Ludolf von Sachsen

Der Pharisäer im Evangelium prahlte und rechtfertigte sich voller Stolz. Er klagte die anderen an und hielt sich selbst für besser als sie […]. An solchem Verhalten verrät sich der Stolz, den Gott von ferne erkennt (vgl. Ps 137,6 Vulg.), aber nicht verzeiht. Weit davon entfernt, sich anzuklagen, lobt dieser Mensch sich selbst.
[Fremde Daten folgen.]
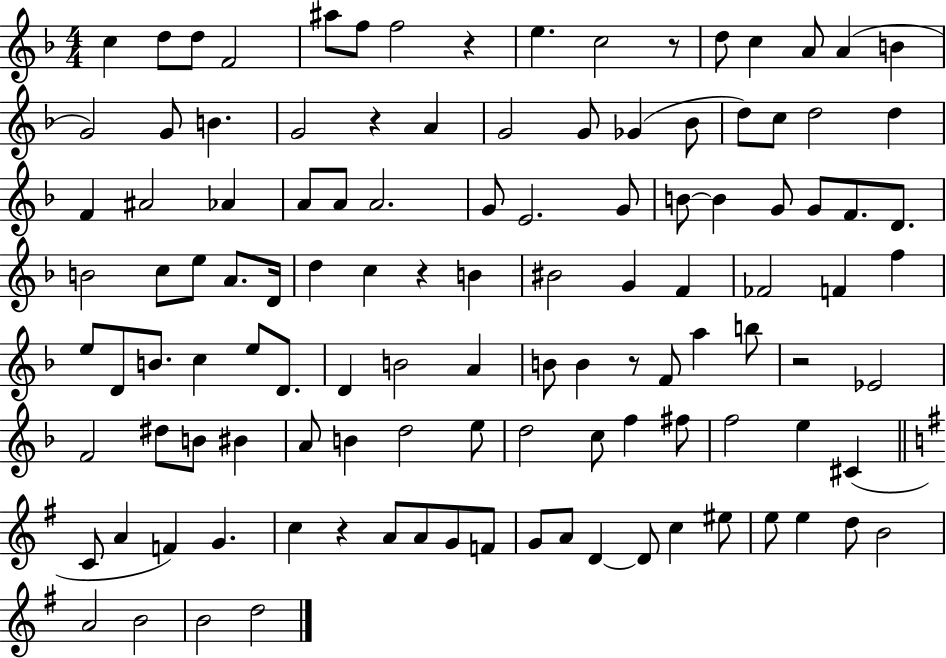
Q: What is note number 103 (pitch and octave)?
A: E5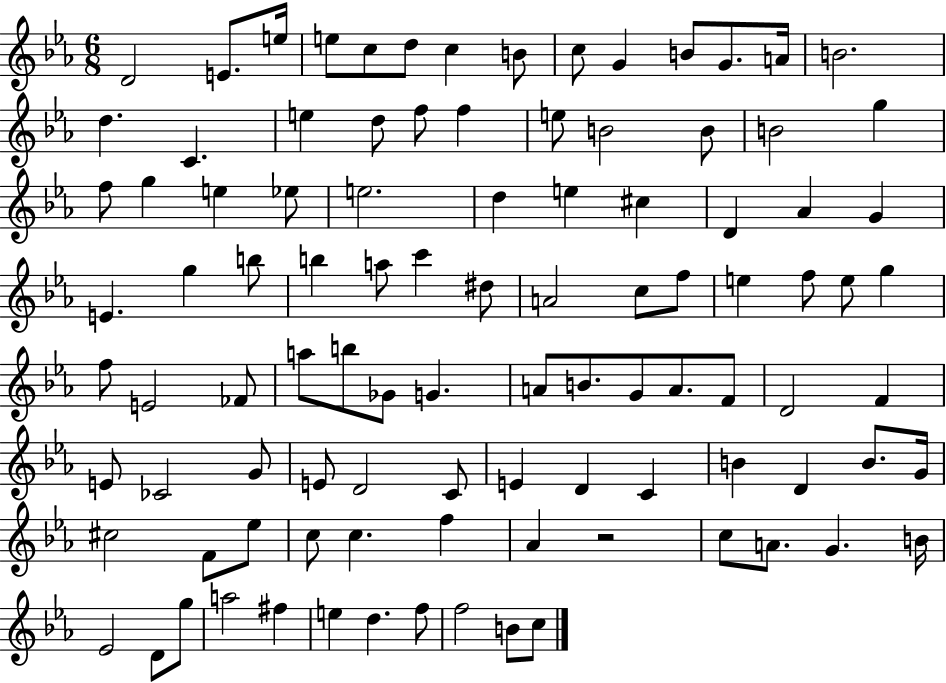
D4/h E4/e. E5/s E5/e C5/e D5/e C5/q B4/e C5/e G4/q B4/e G4/e. A4/s B4/h. D5/q. C4/q. E5/q D5/e F5/e F5/q E5/e B4/h B4/e B4/h G5/q F5/e G5/q E5/q Eb5/e E5/h. D5/q E5/q C#5/q D4/q Ab4/q G4/q E4/q. G5/q B5/e B5/q A5/e C6/q D#5/e A4/h C5/e F5/e E5/q F5/e E5/e G5/q F5/e E4/h FES4/e A5/e B5/e Gb4/e G4/q. A4/e B4/e. G4/e A4/e. F4/e D4/h F4/q E4/e CES4/h G4/e E4/e D4/h C4/e E4/q D4/q C4/q B4/q D4/q B4/e. G4/s C#5/h F4/e Eb5/e C5/e C5/q. F5/q Ab4/q R/h C5/e A4/e. G4/q. B4/s Eb4/h D4/e G5/e A5/h F#5/q E5/q D5/q. F5/e F5/h B4/e C5/e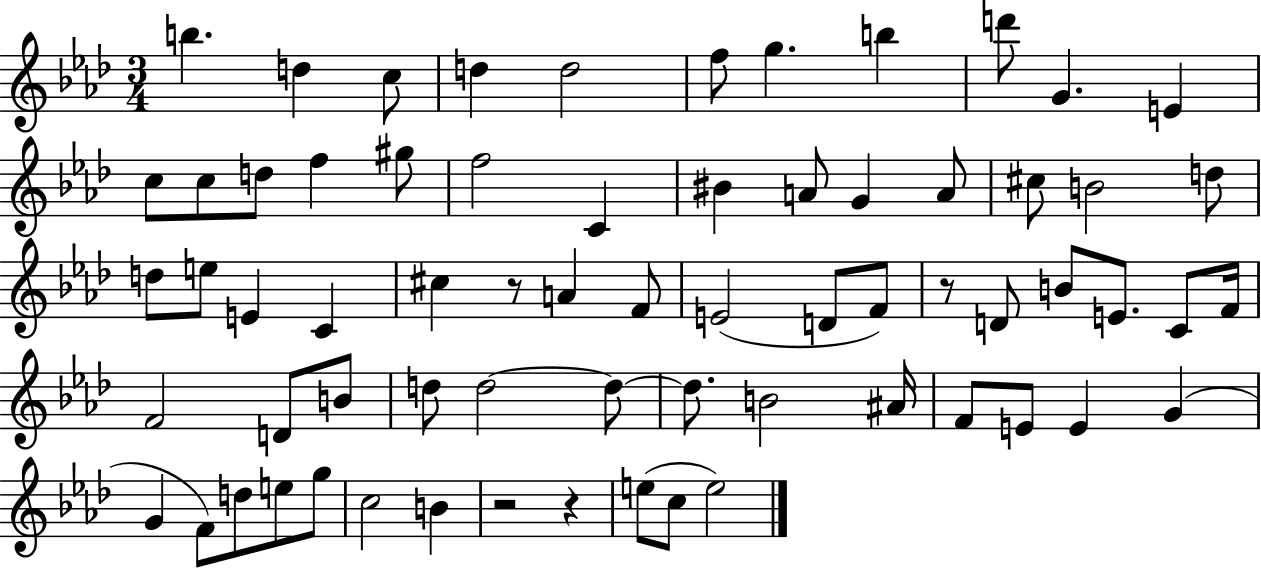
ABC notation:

X:1
T:Untitled
M:3/4
L:1/4
K:Ab
b d c/2 d d2 f/2 g b d'/2 G E c/2 c/2 d/2 f ^g/2 f2 C ^B A/2 G A/2 ^c/2 B2 d/2 d/2 e/2 E C ^c z/2 A F/2 E2 D/2 F/2 z/2 D/2 B/2 E/2 C/2 F/4 F2 D/2 B/2 d/2 d2 d/2 d/2 B2 ^A/4 F/2 E/2 E G G F/2 d/2 e/2 g/2 c2 B z2 z e/2 c/2 e2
Anstatt zu Gott zu beten, verhöhnt er den, den er verehrt. Und wenn er dankt, so nicht für Gottes Gaben, sondern für seine eigenen Verdienste. „Der Zöllner aber bleibt ganz hinten stehen“ – mit dem demütigen Gespür, dass er nicht würdig ist, sich zu nähern – „und will nicht einmal seine Augen zum Himmel erheben“, aus lauter Scheu, denn er ist sich seiner Unwürdigkeit als Sünder bewusst, und seine Sünde hält ihn davon ab, zum Himmel aufzuschauen. In seinem Reueschmerz „schlägt er sich an die Brust“, wo, wie er weiß, alles Böse seinen Ursprung hat, und erkennt demütig seine Schuld an: Du, der du alles vermagst, „Gott, sei mir Sünder gnädig!“. Diese Selbstanklage, dieses ehrliche Geständnis, erwirkt dem Sünder die Vergebung seiner Schuld. An solchem Verhalten zeigt sich die Demut, der Gott seinen Blick zuwendet und die er anerkennt. […] Was war die Frucht dieser Haltung? Gott vergab dem Zöllner die Schuld, zu der er sich bekannte, und „dieser ging gerechtfertigt nach Hause“. […] Zu Recht wurde er gerechtfertigt, denn der Pharisäer täuschte Gerechtigkeit vor, der Zöllner dagegen besaß sie wirklich. Jener war in seinen eigenen Augen gerecht aufgrund seiner Werke; dieser war es bei Gott aufgrund seines Glaubens. Jener rühmte sich stolz seiner guten Taten; dieser gestand demütig seine Schlechtigkeit. Besser ein demütiger Sünder als ein stolzer Gerechter; denn sobald der Sünder sich erniedrigt, ist er schon kein Sünder mehr; und sobald der Gerechte sich rühmt, hört er auf, gerecht zu sein. Man soll sich also nicht seiner Werke rühmen, sondern demütig auf die Gnade vertrauen.